Repeat the following data exactly, omitting pictures.

■ SOURCE INFORMATION
<<<<

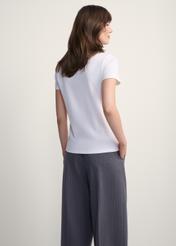 White cotton women's t-shirt TSHDT-0144-11(Z25), product view from the back on the model, half of the silhouette visible.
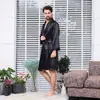 Elegante Bata de Dormir de Seda para Hombre, Kimono de Verano Delgado de Manga Larga, Ligera, Talla Grande, Suave y Transpirable para Dormir en Casa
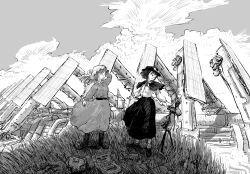  2girls blt boots bow camera capelet clouds commentary_request dress floating_clothes floating_hair full_body grass greyscale hand_on_headwear hat hat_bow highres long_hair long_skirt long_sleeves looking_at_another looking_at_object looking_to_the_side machine maribel_hearn monochrome multiple_girls outdoors shirt shoes short_hair skirt sky socks super-flat-world touhou tripod usami_renko wide_shot 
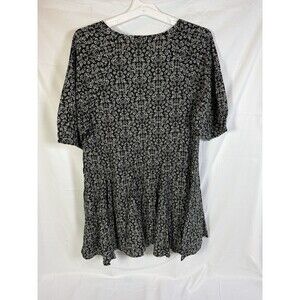 Universal Thread Bell Elbow Sleeve Mini A-Line Dress Black Floral Large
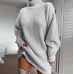 Turtleneck Long Sleeve Sweater Dress Women Autumn Winter Loose Tunic Knitted Casual Pink Gray Clothes Solid Dresses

>>>>

■ WRITTEN RESPONSE
 White cotton women's t-shirt TSHDT-0144-11(Z25), product view from the back on the model, half of the silhouette visible.
 Elegante Bata de Dormir de Seda para Hombre, Kimono de Verano Delgado de Manga Larga, Ligera, Talla Grande, Suave y Transpirable para Dormir en Casa
  2girls blt boots bow camera capelet clouds commentary_request dress floating_clothes floating_hair full_body grass greyscale hand_on_headwear hat hat_bow highres long_hair long_skirt long_sleeves looking_at_another looking_at_object looking_to_the_side machine maribel_hearn monochrome multiple_girls outdoors shirt shoes short_hair skirt sky socks super-flat-world touhou tripod usami_renko wide_shot 
 Universal Thread Bell Elbow Sleeve Mini A-Line Dress Black Floral Large
 Turtleneck Long Sleeve Sweater Dress Women Autumn Winter Loose Tunic Knitted Casual Pink Gray Clothes Solid Dresses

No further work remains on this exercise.